Aber es sind nicht die formalen Vorgaben im Soldatengesetz oder die Indoktrinierung einer Kameradschaftsideologie durch oberste Heeres-, Luftwaffen- oder Marineführungen, die Kameradschaftsnormen entstehen lassen. Vielmehr bilden sich diese im Schatten der offiziellen formalen Organisation aus – durch das autonome, selbstinitiierte Handeln der Soldatinnen und Soldaten. Zugleich werden Kameradschaftserwartungen in Armeen auch mit Mitteln durchgesetzt, von denen die Führung gar nicht so genau Kenntnis haben will. Sicherlich – es gibt eine friedfertige Variante der Ausbildung von Kameradschaftsnormen. In der Regel lernen Soldaten schnell, dass man sich Kameraden gegenüber loyal verhält, dass man sie nicht öffentlich bloßstellt, dass man sich gegenseitig hilft, wenn ein Kamerad mit einer Aufgabe überfordert ist, ein Fehler kaschiert werden muss oder kurzfristiges Einspringen erforderlich ist. Im besten Fall bilden sich dabei Vertrauensbeziehungen, die dazu führen, dass man sich gegenseitig unterstützt und weiß, dass man sich auch in Extremsituationen aufeinander verlassen kann.
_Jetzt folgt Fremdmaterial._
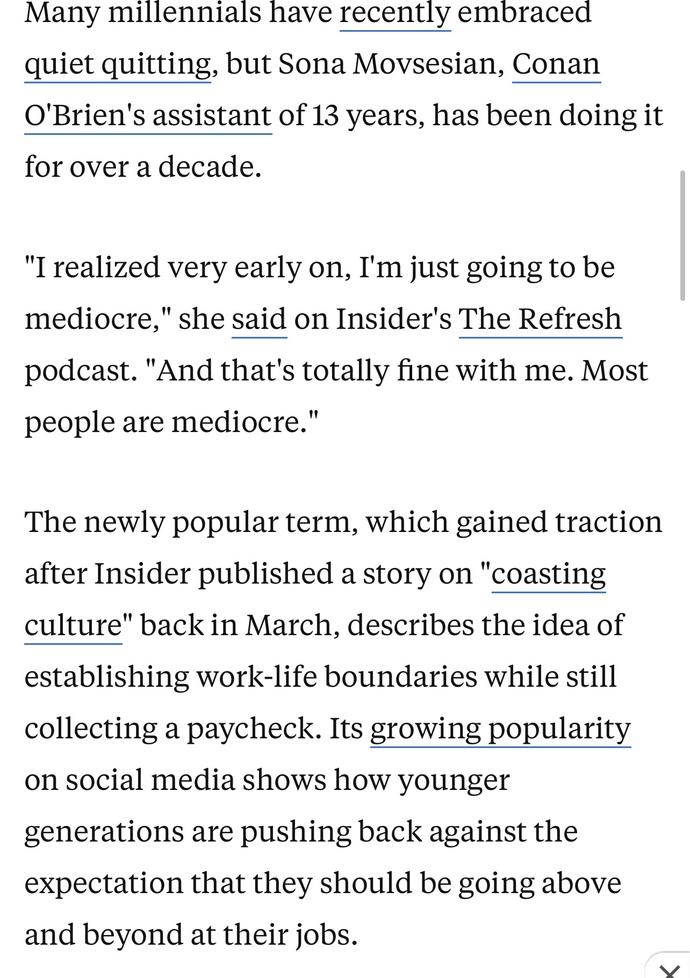 What do you think of the millennial trend in the workplace “quiet quitting”?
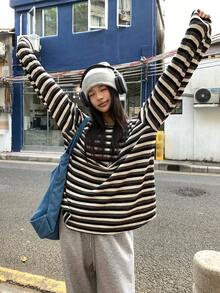 DAZY 女士宽松休闲条纹拼接长袖长款T恤，适合春秋季穿着 - 黑與白 - 查看 5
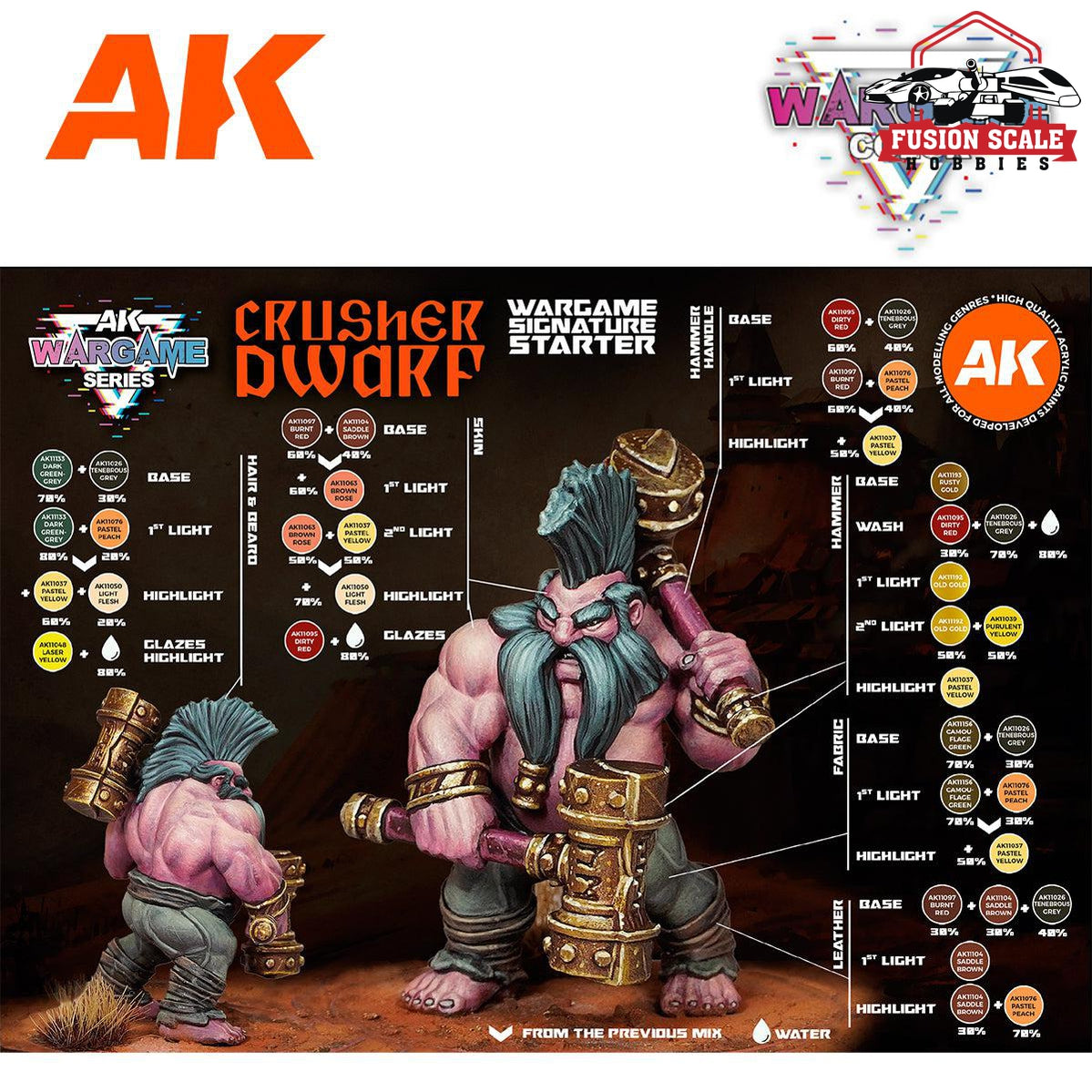 AK Interactive Wargame Starter Set - Crusher Dwarf (14 Colors & 1 Figure) - Fusion Scale Hobbies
Wenn jemand solche informalen Verhaltenserwartungen nicht akzeptiert, wird in Armeen zu negativen informalen Sanktionen gegriffen. Diese reichen von abschätzigen Bemerkungen oder Beschimpfungen über die soziale Isolierung des Kameraden und die Verweigerung von Hilfeleistungen bis zu körperlichen Angriffen und drastischen Erniedrigungen. Die Sanktionen dienen in den meisten Fällen nicht dem Ausschluss aus dem Kameradenkreis, sondern im Gegenteil der Durchsetzung informaler Normen. Soldaten oder Polizisten, die solche häufig offiziell verbotenen Bestrafungen nicht melden, sondern über sich ergehen lassen, werden dann auch konsequenterweise mit dem Verbleib im Kameradenkreis „belohnt“.

Prozesse, mit denen informale Normen durchgesetzt werden, gibt es in jeder Organisation. Bei Armeen nehmen die Prozesse allerdings eine gewaltbetontere Form an. Das ist wenig überraschend: Es liegt nahe, dass in einer Organisation, deren Hauptaufgabe die Gewaltanwendung ist und die zur Durchsetzung formaler Verhaltenserwartungen notfalls auf Gewaltspezialisten in Form von Feldjägern zurückgreift, die Durchsetzung informaler Normen in körperbetonterer Weise stattfindet als in Computerfirmen, Rechtsanwaltskanzleien oder Stadtverwaltungen.

Für die Herausbildung dieser Kameradschaftsnormen ist es nicht – wie man in der frühen Militärforschung noch geglaubt hat – nötig, dass die Organisationsmitglieder durch gute Kenntnis der anderen Beteiligten persönliches Vertrauen aufgebaut haben. Vielmehr bilden sich anonymisierte Kameradschaftserwartungen auf der Ebene von Bataillonen, Divisionen oder ganzen Armeen aus. Gegenseitige Unterstützung gerade in der Darstellung nach außen sei, so der Soziologe Niklas Luhmann, ein „Grundgesetz interner Kooperation“ in jeder Organisation. Sie setzt keine persönliche Bekanntschaft voraus.